[[ INFORMATION SUPPLIED, beginning ]]
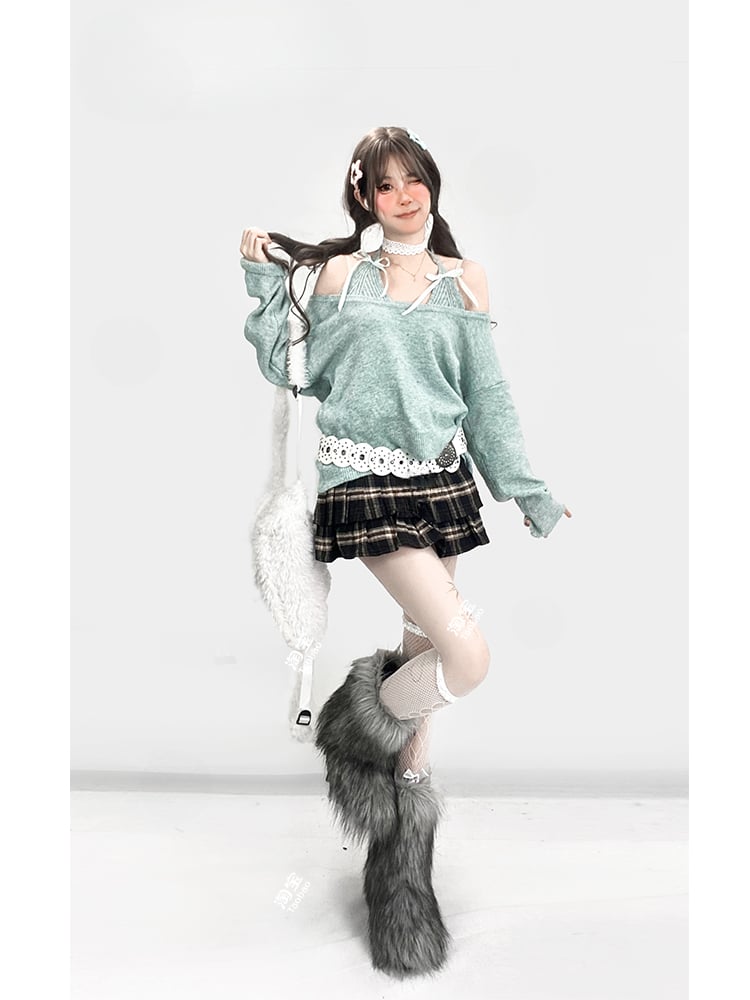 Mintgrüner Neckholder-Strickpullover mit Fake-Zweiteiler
[[ INFORMATION SUPPLIED, end ]]
[[ INFORMATION SUPPLIED, beginning ]]
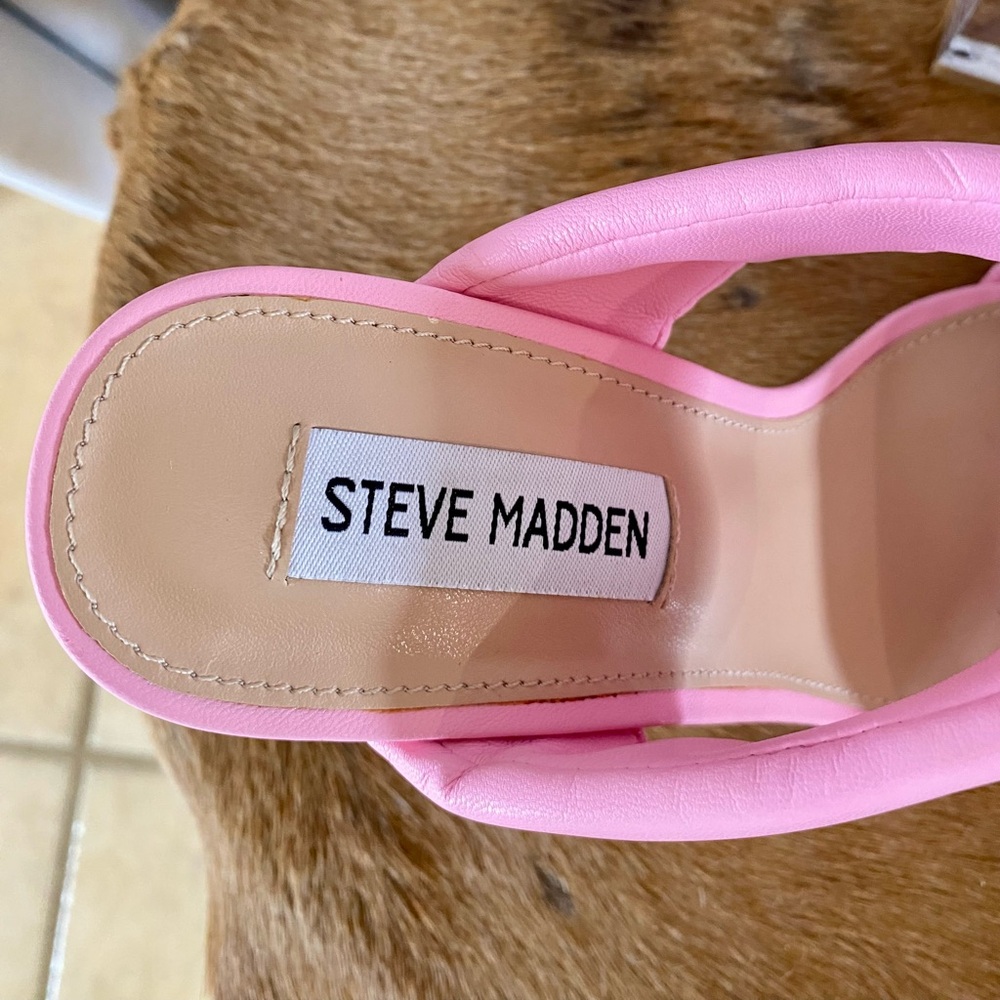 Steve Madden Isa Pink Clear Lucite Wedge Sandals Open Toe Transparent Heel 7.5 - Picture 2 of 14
[[ INFORMATION SUPPLIED, end ]]
[[ INFORMATION SUPPLIED, beginning ]]
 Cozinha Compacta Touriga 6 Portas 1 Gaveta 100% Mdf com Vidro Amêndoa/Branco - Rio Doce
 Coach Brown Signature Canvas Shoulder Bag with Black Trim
[[ INFORMATION SUPPLIED, end ]]
■ THE TASK ■
From the data above, reproduce word for word the lines running from the line with "Cozinha Compacta Touriga" to the line with "Coach Brown Signature", ends included.

■ YOUR RESPONSE ■
 Cozinha Compacta Touriga 6 Portas 1 Gaveta 100% Mdf com Vidro Amêndoa/Branco - Rio Doce
 Coach Brown Signature Canvas Shoulder Bag with Black Trim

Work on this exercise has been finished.